Il 43enne era ricercato in ambito internazionale e destinatario di una Red Notice (avviso di cattura internazionale) attivata su impulso della Procura di Caltanissetta, in quanto indagato di associazione finalizzata alla commissione di una serie di reati tra cui porto abusivo e detenzione di armi e munizionamento, con l’aggravante di aver favorito Cosa nostra, in particolare la famiglia mafiosa di Gela, clan Rinzivillo.

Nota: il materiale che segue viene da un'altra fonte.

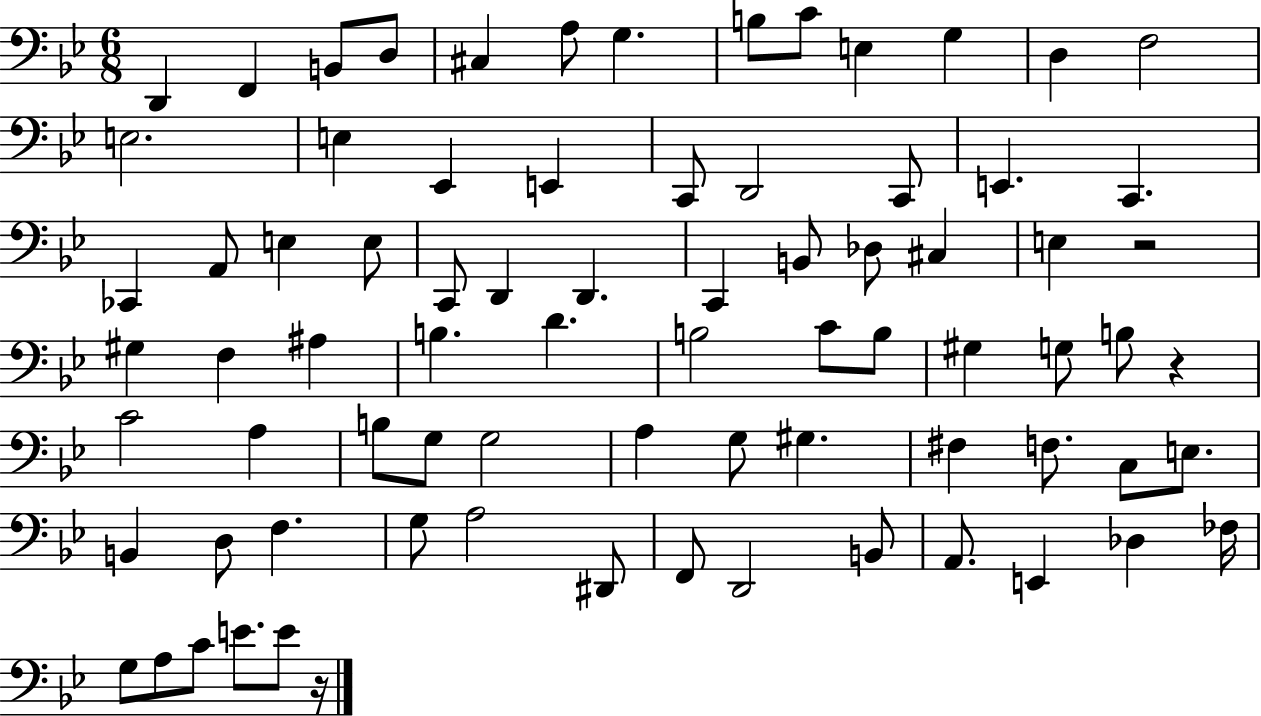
D2/q F2/q B2/e D3/e C#3/q A3/e G3/q. B3/e C4/e E3/q G3/q D3/q F3/h E3/h. E3/q Eb2/q E2/q C2/e D2/h C2/e E2/q. C2/q. CES2/q A2/e E3/q E3/e C2/e D2/q D2/q. C2/q B2/e Db3/e C#3/q E3/q R/h G#3/q F3/q A#3/q B3/q. D4/q. B3/h C4/e B3/e G#3/q G3/e B3/e R/q C4/h A3/q B3/e G3/e G3/h A3/q G3/e G#3/q. F#3/q F3/e. C3/e E3/e. B2/q D3/e F3/q. G3/e A3/h D#2/e F2/e D2/h B2/e A2/e. E2/q Db3/q FES3/s G3/e A3/e C4/e E4/e. E4/e R/s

L’arresto si inquadra nell’ambito dell'operazione denominata “The Wall”, condotta dai militari di Caltanissetta, che già nel settembre 2025
aveva portato all’arresto di 15 persone per gli stessi reati associativi in materia di stupefacenti e armi. Nel corso dell’attività investigativa, è emerso che il cittadino albanese, residente nell’hinterland milanese, attraverso interlocuzioni telefoniche con un ex avvocato, già iscritto al Foro di Gela, sospeso dall’esercizio della professione forense poiché condannato per concorso esterno in associazione mafiosa, concordava l’acquisto di ingenti quantitativi di cocaina e hashish, da immettere sul mercato siciliano attraverso collegamenti con soggetti sospettati di appartenere a Cosa nostra. Sono in corso le procedure di estradizione.